I am many time marathoner Janice Zhu Woodward, MSW.  Janice is my professional name, and is usually turned to Jan for my friends. Z stands for Zhu, a name given to me by the orphanage that raised me for six months in China, and Woodward is the family where my new identity took roots after the adoption. The Masters of Social Work is still being paid for with a two hundred dollar electronic withdrawal each month.  

Yes, I am the main character in the novel The Jade Rabbit, but I have lept out of the pages of the novel, and I have volunteered to write this post. I may be a fictional character, but I was  inspired to write after hearing some claims by Vice Presidential candidate Paul Ryan.

I like Paul Ryan, I really do, and I would love for him to visit the runaway shelter in Detroit where I work and speak with the children here.  But when I heard him causally mention running a sub 3 hour marathon, the very thing that I had been my Raison d'ĂȘtre, my purpose to prove myself worthy, the goal I had wrung out every last bit of energy from my soul just to accomplish, it stung a bit. Yes, I was a bit relieved to learn he was mistaken, I confess. 

Here's a brief excerpt from , The Jade Rabbit, chronicling my attempts to run such a sub 3 hour marathon that the Senator took credit for so casually.   

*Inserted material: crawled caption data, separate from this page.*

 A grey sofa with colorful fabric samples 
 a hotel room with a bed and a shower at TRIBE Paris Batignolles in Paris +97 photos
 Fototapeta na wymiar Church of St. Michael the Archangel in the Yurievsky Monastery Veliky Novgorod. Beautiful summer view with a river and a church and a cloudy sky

"I have done many runs with only numbers in my head, doing equations for hours to figure out paces, averages, and remembering personal best times at various race distances. All of this just to find the magic formula to run a marathon under three hours. Sometimes it felt like running a marathon in under three hours was my reason for being on earth, as if when the day came that I finally broke the three hour barrier I would finally catch someone or something that had run away from me. Then I could finally stop and rest. It was validation. A test of worthiness. Until I did that I was a non-entity, not really a runner, just a fragment of my potential to be discarded and dismissed.

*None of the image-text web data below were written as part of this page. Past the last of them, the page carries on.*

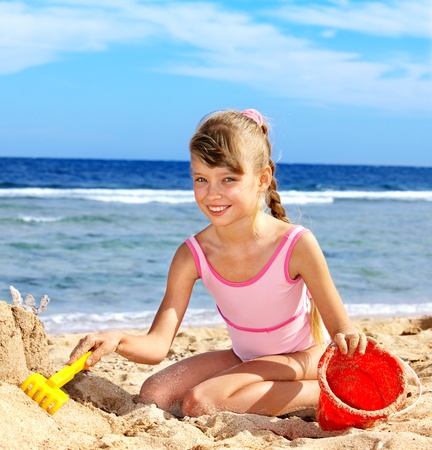 Little girl  playing on  beach.の写真素材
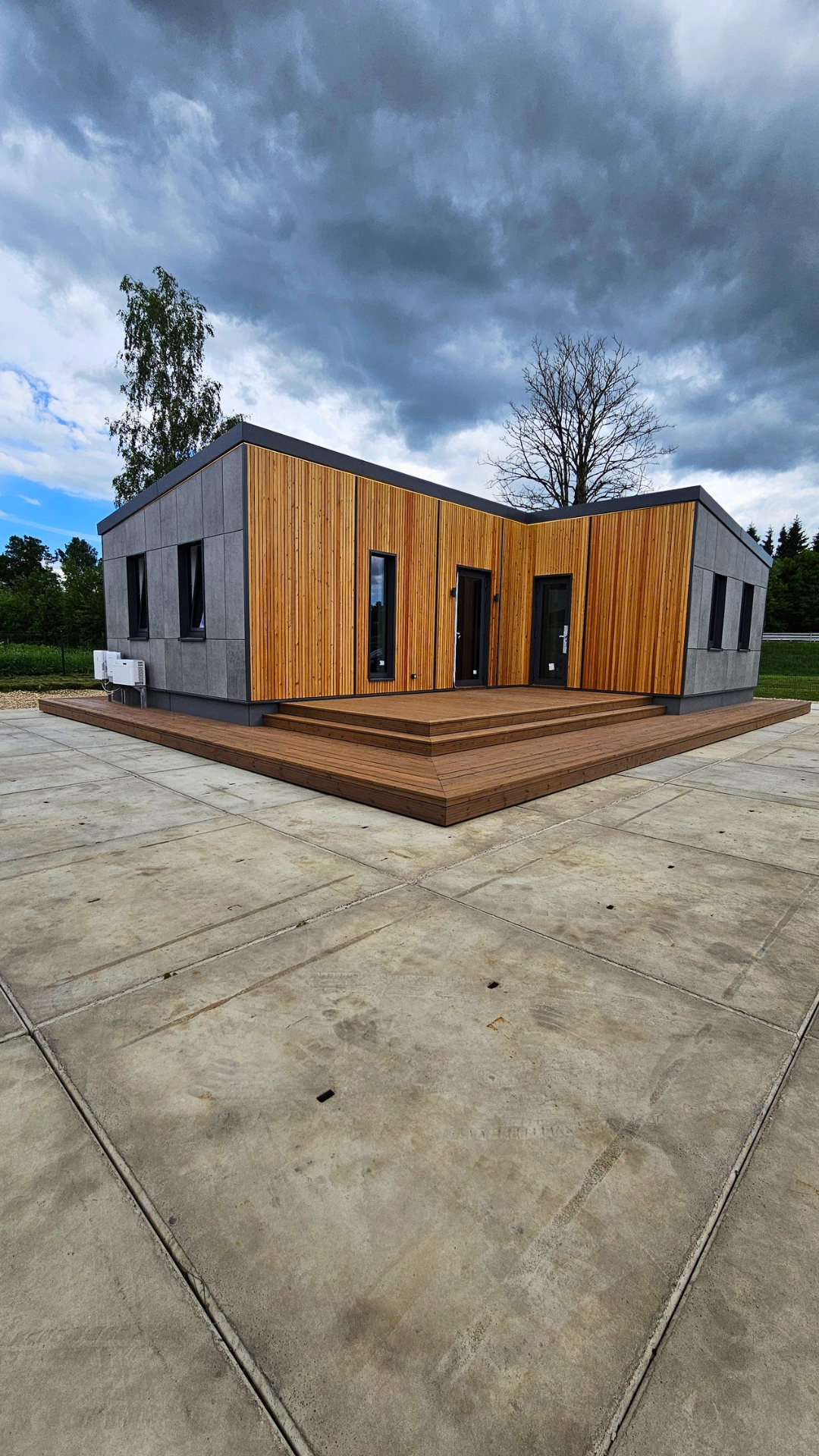 TheHouz L-Shape S modular home exterior with Dekton and timber cladding and terrace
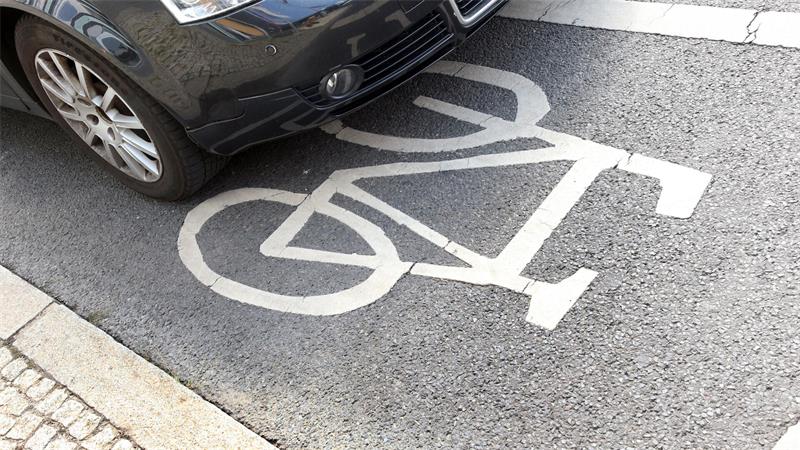 Vorderer Teil eines geparkten Autos steht auf einem Fahrrad-Piktogramm auf der Straße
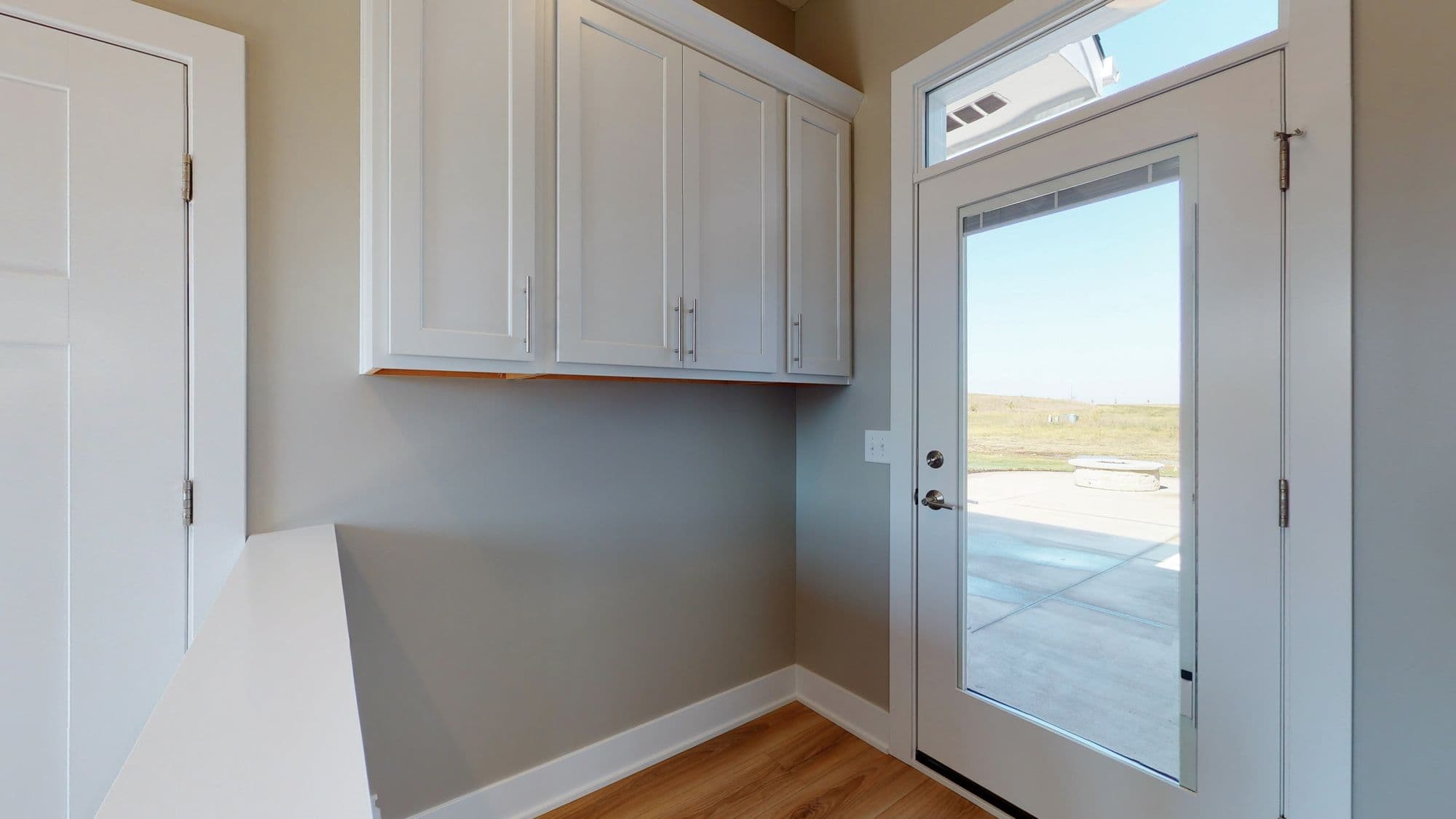 Laundry room featuring white cabinetry and a glass door leading to the exterior. Wood-look flooring and light gray walls complete the space.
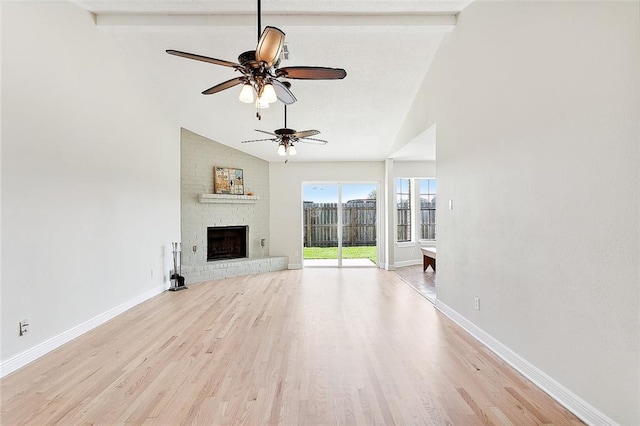 unfurnished living room featuring a fireplace, beam ceiling, light wood-type flooring, and ceiling fan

 There was the time in the Chicago marathon when I ran through the jammed aid stations and over metal-girded bridges with crowds cheering everywhere. I came up three minutes short, but I knew I could have broken the three-hour barrier if I was not delayed during the first few miles when 30,000 runners crowded the field. Plus it was seventy degrees and sunny at the finish, which, when you’re in the last miles of a marathon, feels like ninety-seven and broiling. This time at the finish, I saw three people drop to the ground and faint as if they’d been shot in the head.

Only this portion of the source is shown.